Sabtu, 28 September 2019

KENDURI MAULID, BID’AH KAH?


KENDURI MAULID, BID’AH KAH?
Oleh : Tgk Dailami*)

Peringatan kelahiran Nabi SAW atau di Aceh lebih dikenal dengan “Molod” adalah sebuah kegiatan untuk memuliakan kelahiran Rasulullah SAW, di Aceh kegiatan ini sudah berlangsung secara turun temurun dan tidak di ketahui secara pasti sejak kapan kegiatan tersebut pertama kali terjadi di Aceh. Dalam catatan sejarah seperti yang tertulis di dalam kitab I’anathu Thalibin bahwa orang pertama yang merayakan maulid dari kalangan raja-raja adalah raja al-Mudhaffar Abu Said seorang penguasa di Irbil, Baghdad. Beliau adalah adik ipar dari sulthan Salahuddin al-Ayyubi yang merupakan Panglima Besar Perang Salib dari kaum muslimin. Pada perayaan itu raja al-Mudhaffar membuat perayaan yang sangat mewah, pada jamuan itu di sediakan 5000 ekor kambing, 10.000 ekor ayam, 100.000 keju, dan 30.000 piring manisan. Dan pada perayaan maulid itu di hadiri oleh banyak ulama dan orang-orang sufi, biaya yang dikeluarkan untuk perayaan maulid tersebut adalah 300.000 dinar.
            Sampai sekarang, kegiatan ini menjadi rutinitas di berbagai daerah di Indonesia dan di seluruh belahan dunia yang di laksanakan oleh kaum muslimin. Dan tata cara pelaksanaannya pun berkembang mengikuti perkembamgan zaman sesuai dengan sosial budaya suatu daerah atau tempat.

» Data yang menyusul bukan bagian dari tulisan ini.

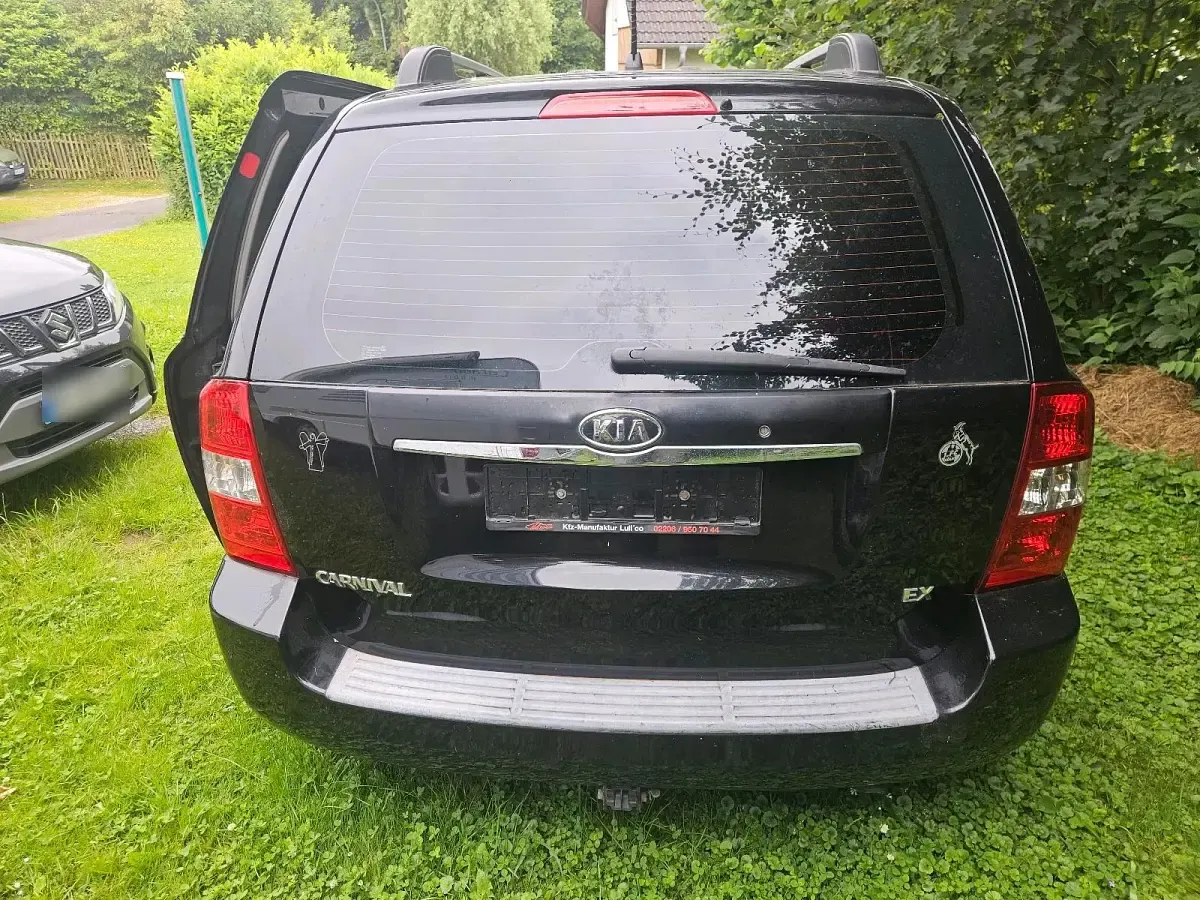 Gebraucht Kia Carnival 185 PS (136 kW) 2007 Schwarz Van / Kleinbus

Dari yang paling sederhana seperti cukup dengan pembacaan kitab al-Barzanji seperti yang sering  kita lihat di desa-desa di Aceh, ataupun secara megah seperti yang di laksanakan oleh lembaga-lembaga pemerintah seperti kantor Bupati ataupun kantor Gubernur, atau lembaga-lembaga pendidikan seperti sekolah-sekolah dan di kampus yang di lakukan dengan bermacam-macam variasi.
            Namun pada akhir-akhir ini sudah banyak kelompok masyarakat ataupun perseorangan yang mengatakan bahwa peringatan kelahiran Nabi “Molod” adalah perbuatan bid’ah, bahkan ada yang menentang peringatan maulid Nabi SAW dengan berbagai argumen yang mengatakan bahwa peringatan ini adalah sesat menyesatkan yang di larang agama. Namun terkadang kelompok yang kontra peringatan maulid juga kurang arif dan bijaksana dalam menyampaikan argumennya, di lain pihak orang yang melaksanakan peringatan maulid itu sendiri juga banyak yang kurang memahami bahkan juga tidak menghayati dan mengerti apa sebenarnya hakikat maulid itu sendiri.Karena hal tersebut  maka penulis menilai bahwa waiar apabila timbul pro dan kontra masalah peringatan maulid yang sebenarnya merupakan kesalahan pemahaman mereka itu sendiri tentang hakikat peringatan maulid.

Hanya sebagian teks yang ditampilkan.